The Australis' engine is a Perkins 236-4. I'm by far a diesel expert but on three occasions in my limited experience I have come in contact with this same engine. Once in my Dad's Massey Ferguson 585 harvester (1963 vintage I believe), once in the Flinders Chase, the Adams 45 I fitted out, and here, in the Australis. I really like this engine for it's basic simplicity and also that it's pretty much ubiquitous in every nook and cranny of the Commonwealth since it has been used extensively in agriculture equipment and generator sets all around the world. It's cheap, basic and simple.  I imagine the Taiwanese were sourcing them out of Hong Kong when it was a British Overseas Territory back before it went under Chinese rule in 1997.

Why do you, who deals with all kinds of modern whiz-giggery, care that your diesel be as basic as possible? Well, I'm glad you asked...

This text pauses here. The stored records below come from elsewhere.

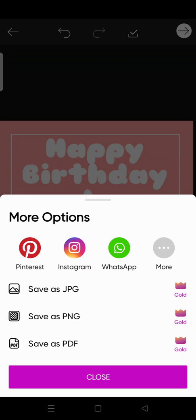That is how you can make a birthday card on Pixart. If you think the video is helpful, don't forget to click like, leave a comment, and subscribe to our channel. See you in the next video, bye!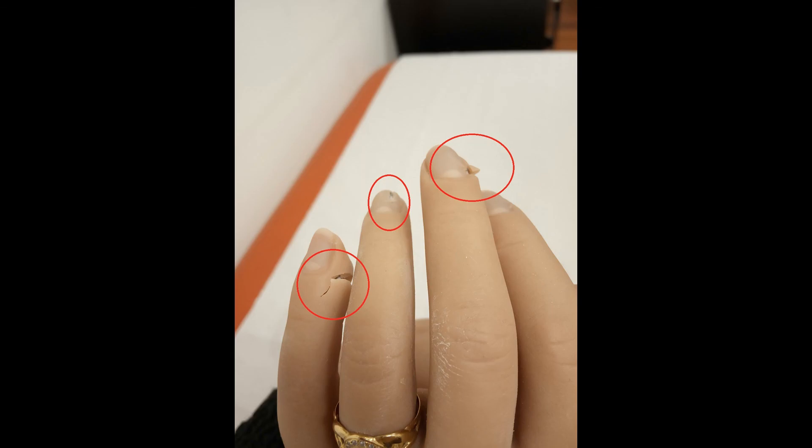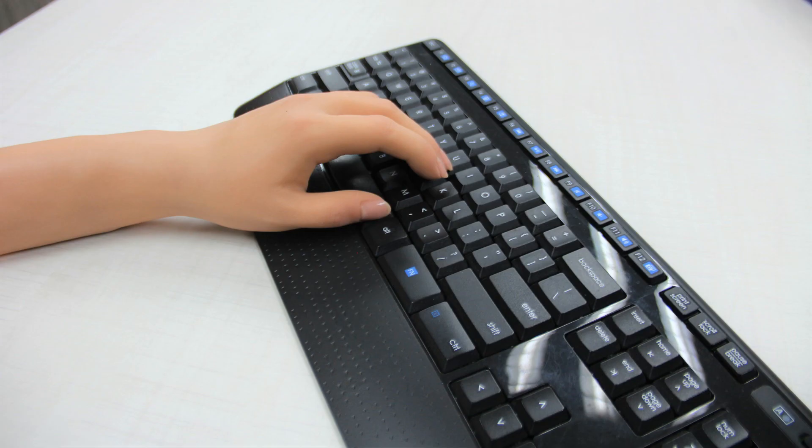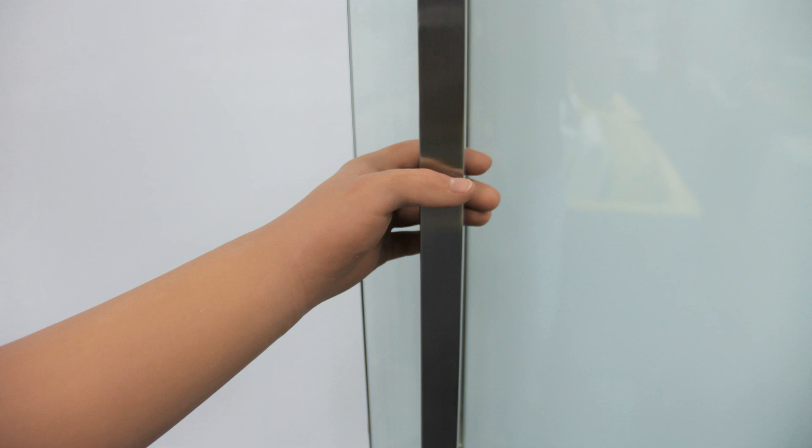Here are some examples that will increase the chance of damage: using the prosthesis to carry bags, using the prosthesis to type on a keyboard, using the prosthesis to drive a car, and opening a door or pulling a handle.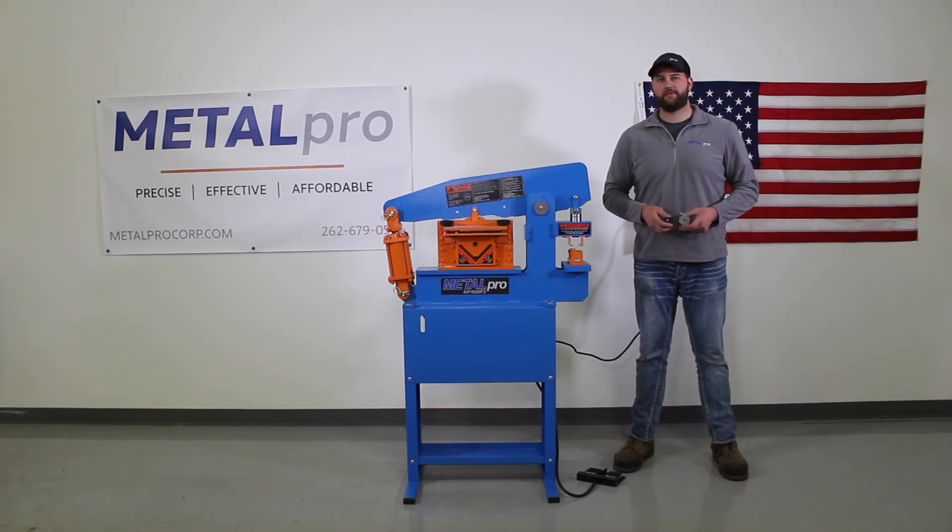If you have any further questions, please feel free to contact us at info@metalprocorp.com, or give us a call in the office at 262-679-0504. Also, visit our website for a full lineup of additional accessories for your ironworker machines. Thank you.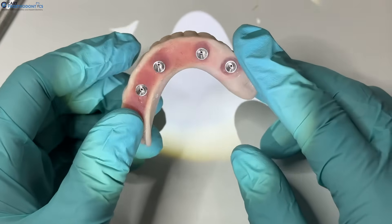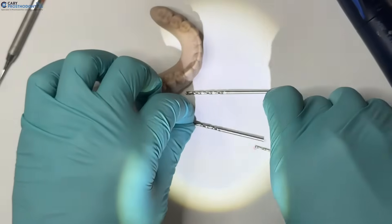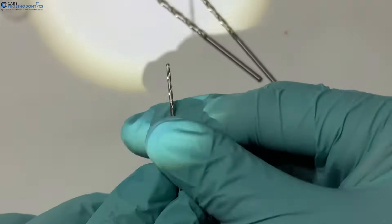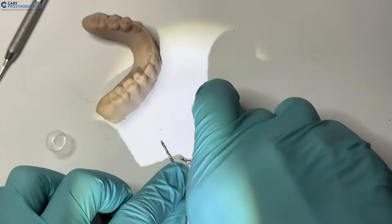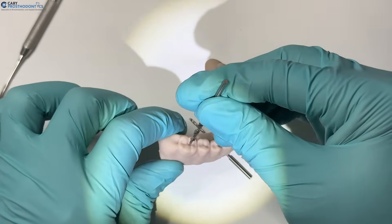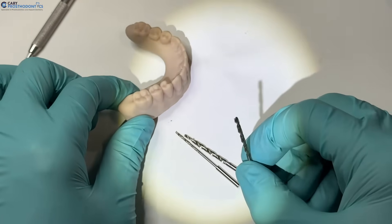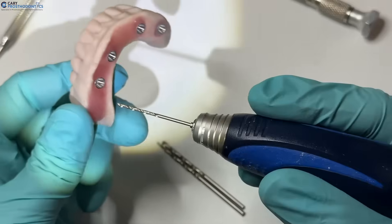Sometimes it helps to figure out where the screw access hole is coming out when doing the contours. For the smart denture, we'll have three drills. The first drill goes in from the back end — it's the skinniest. The second drill has a step to it and comes in through the occlusal to make the screw access hole. The last drill goes on a hand reamer, not a handpiece.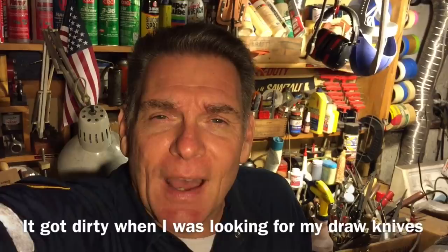Hey everybody, Scout Crafter here again. It's Wednesday, midweek Wednesday. We've got a few things to talk about today.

 Back in 2011, my colleague and 2nd cousin Geoff Cook and I had a great opportunity to support a salvage survey in a small island group down in the South Atlantic; Tristan De Cunha.  Tristan is the most remote inhabited island group in the world.  It's 300 or so residents live a good life rearing a few sheep, potatoes and fishing for crayfish (rock lobster).  In early 2011, a Greek freighter, MS Oliva,  loaded with 60,000 odd tons of soy beans ran fair smack, at 18 knots, into one of the outer islands of the group; Nightingale Island.  The damage to the island and it's birdlife from the subsequent oil spill and smothering caused by the soybeans released into the sea was as significant as it was sad.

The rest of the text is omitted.